Induction of Klf4 expression following vascular injury was abolished in conditional Klf4-deficient mice. A, Experimental protocol showing the timing of 4-OHT injection, ligation injury, and harvesting tissues. B, After completion of 4-OHT injection IP 10 times, recombination of the Klf4^loxP allele was examined by Southern blotting in the aorta of ERT-Cre⁺/Klf4^loxP/loxP (Klf4 KO) mice and ERT-Cre⁻/Klf4^loxP/loxP (control) mice. C, Expression of Klf4 and GAPDH protein was determined by Western blotting in the lung of Klf4 KO and control mice. *P<0.05 compared with control (n=4). D, Expression of Klf4 mRNA was determined by real-time RT-PCR in the colon of Klf4 KO and control mice. *P<0.05 compared with control (n=5).
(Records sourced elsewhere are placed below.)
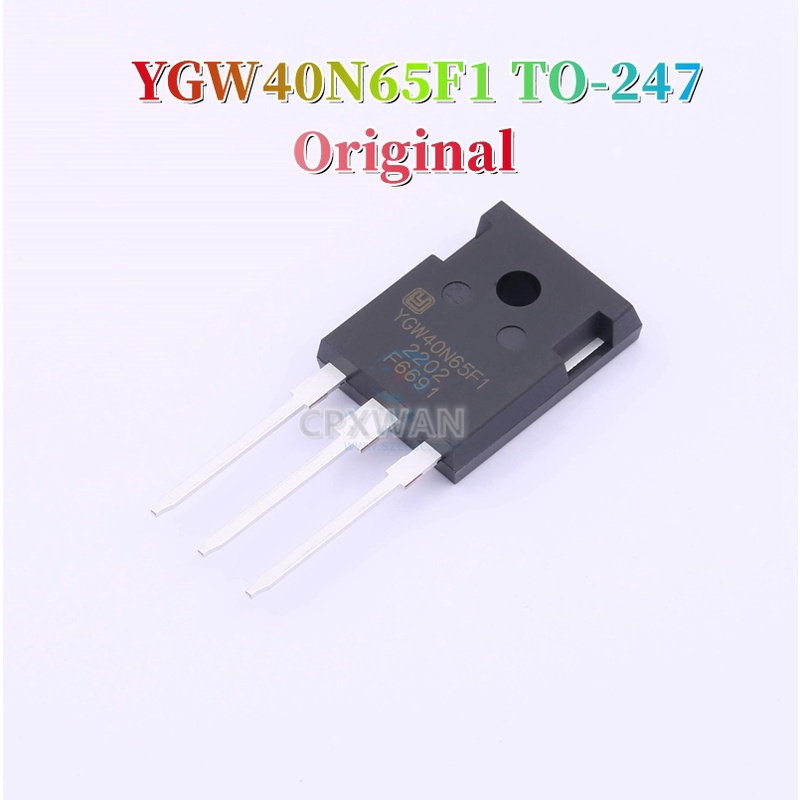 YGW40N65F1 40N65 2pcs TO-247 TO247 YGW40N65FI 40A/650V อินเวอร์เตอร์เครื่องเชื่อม IGBT ทรานซิสเตอร์ใ
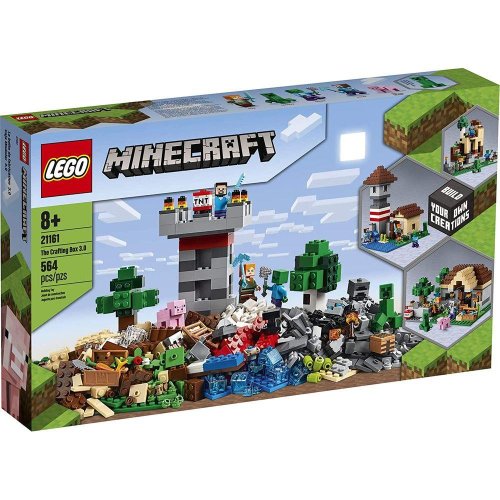 LEGO 21161 MINECRAFT THE CRAFTING BOX 3.0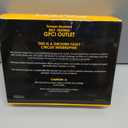 Faith [3-Pack] 15A GFCI Outlets, Tamper-Resistant, ETL Listed, GFI Duplex Receptacles with LED Indicator, Self-Test Ground Fault Circuit Interrupter, White, 3 Piece
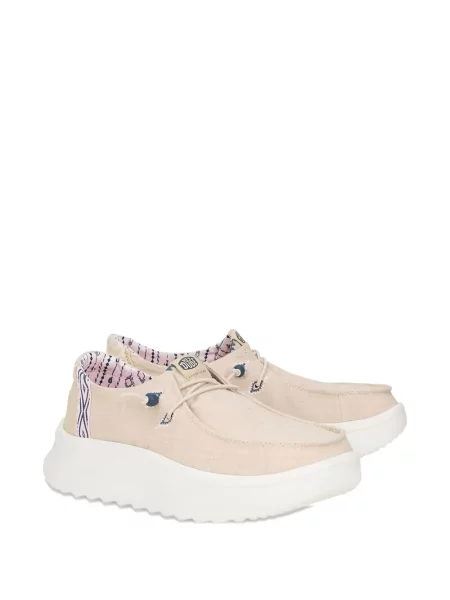 Sneakerși Hey Dude cu platformă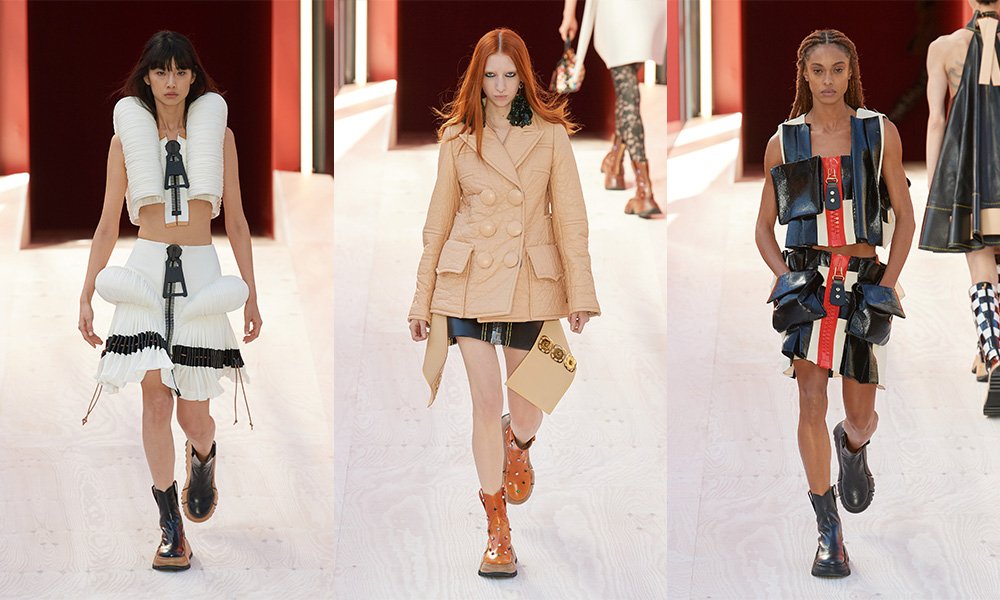 PFW SS23: Louis Vuitton - The Glass Magazine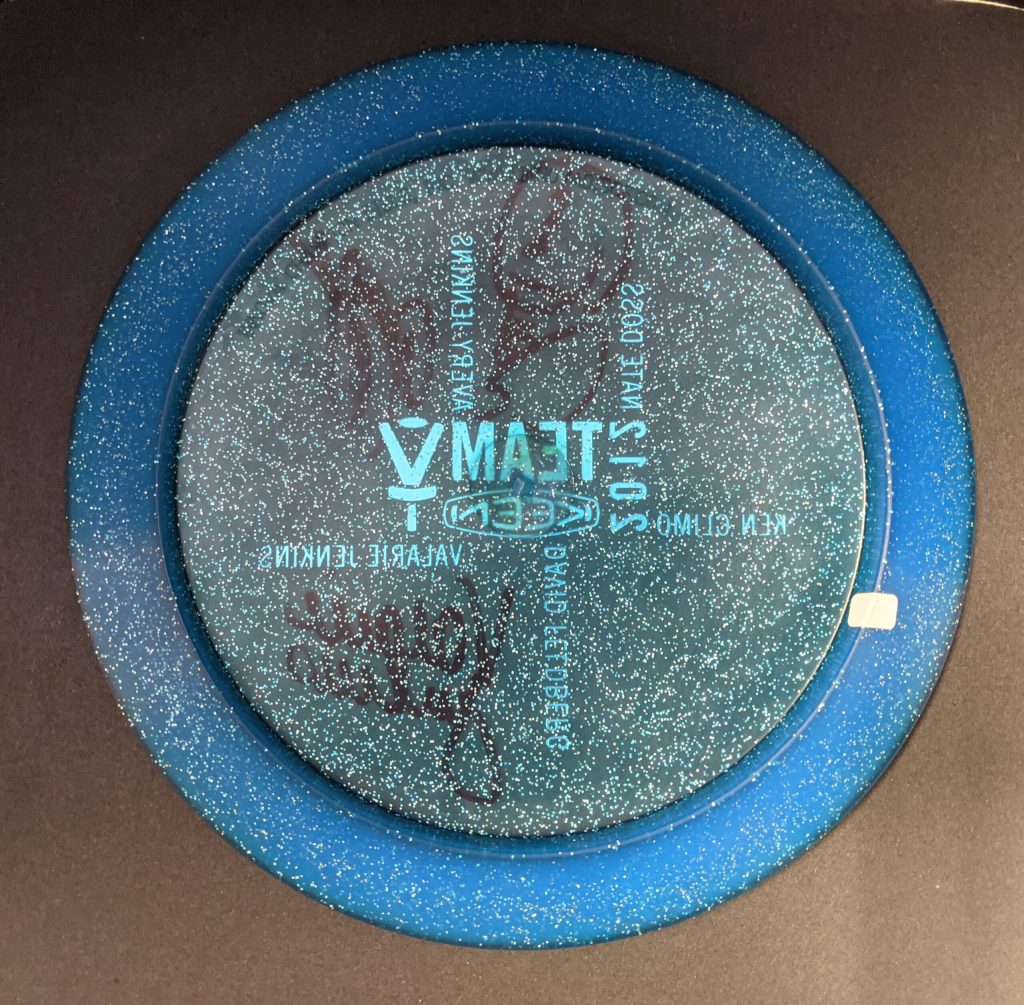 Autographed Team KEEN Bottom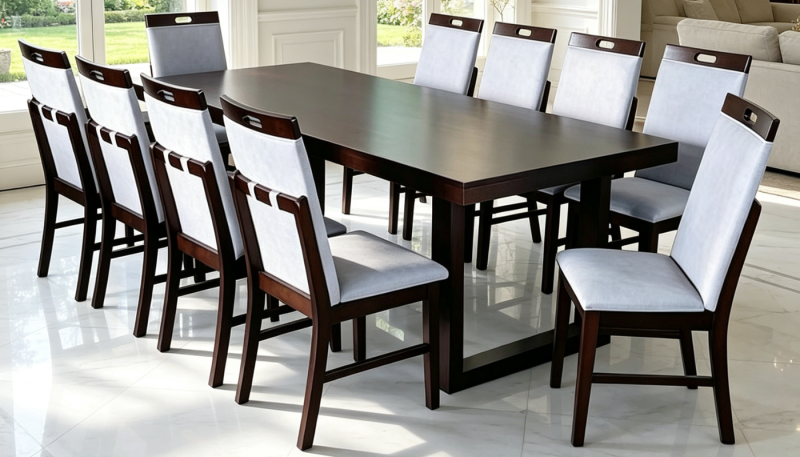 BAYLOR 10 Seater Dining Set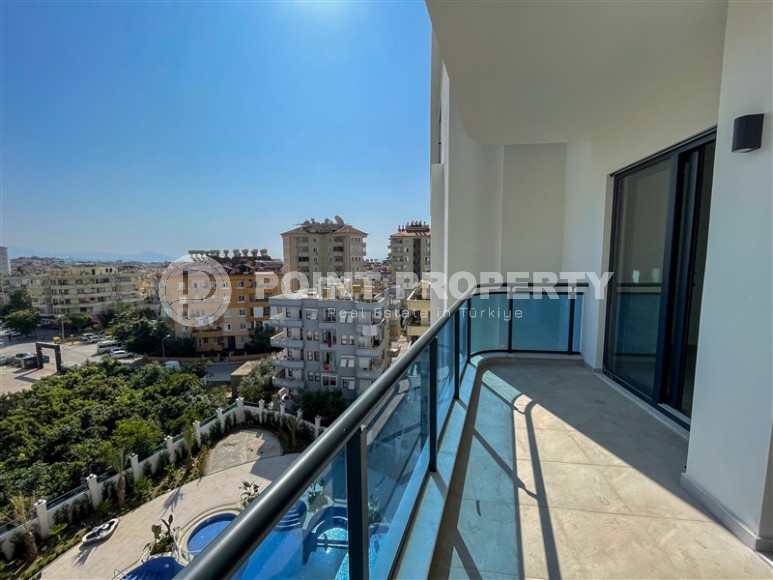 Compact 1+1 apartment, with high-quality finishing, household appliances and air conditioning, 650 meters from the luxurious sandy beach - Keykubat-id-6646-photo-9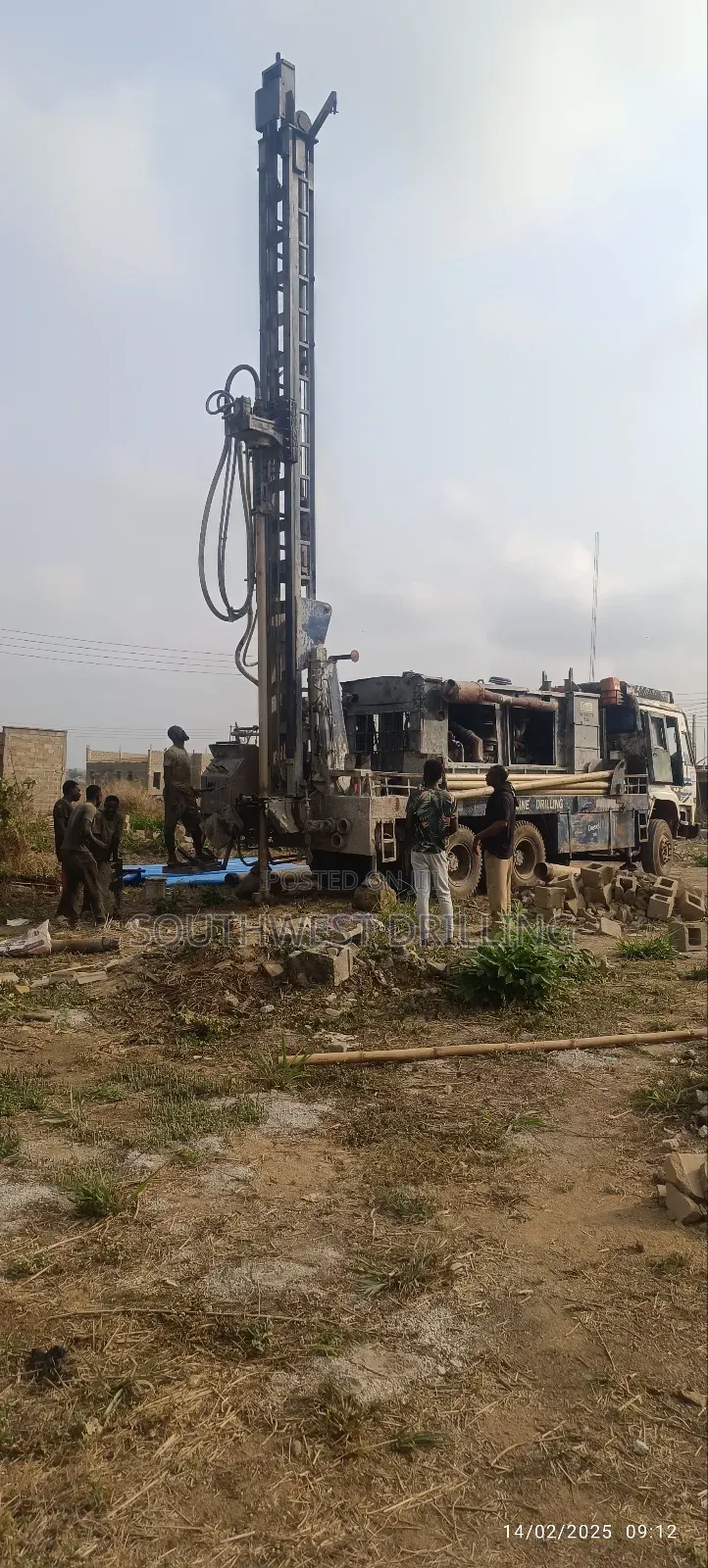 Borehole Drilling at Rayfield Akala Wofun Kute Akobo Olodo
E, Injury-induced changes in expression of SM α-actin and Klf4 were determined by real-time RT-PCR in the carotid arteries of wild-type mice. The ratios of the right injured artery to the left uninjured artery are shown (n=3). *P<0.05 compared with Klf4 expression at day 0, #P<0.05 compared with SM α-actin expression at day 0. F, Klf4 expression was examined by immunohistochemistry in the carotid arteries of Klf4 KO and control mice at day 3 after injury. Representative pictures are shown from 4 mice analyzed per each genotype. Bar: 20 μm.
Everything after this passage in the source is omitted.